**Aim of the exercise:** Print exactly the lines below between the line holding "Men’s Slim Fit Biker Tan Jacket" and the line holding "Kulplu Yandan Pencereli", inclusive, and nothing more.

**Task input:**
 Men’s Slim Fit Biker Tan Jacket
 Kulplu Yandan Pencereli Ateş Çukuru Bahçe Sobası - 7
* * *
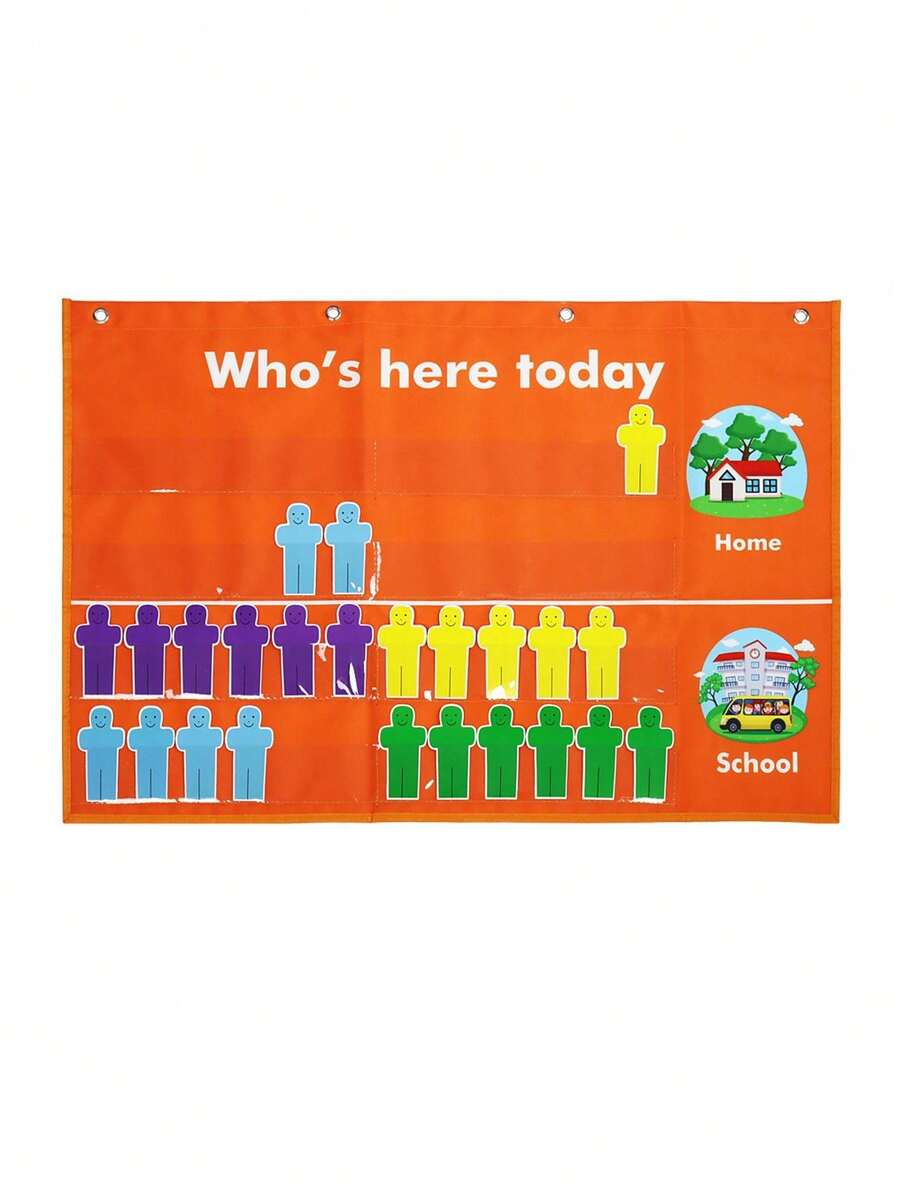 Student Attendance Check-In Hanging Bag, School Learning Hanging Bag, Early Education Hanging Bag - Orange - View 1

**Solution for this task:**
 Men’s Slim Fit Biker Tan Jacket
 Kulplu Yandan Pencereli Ateş Çukuru Bahçe Sobası - 7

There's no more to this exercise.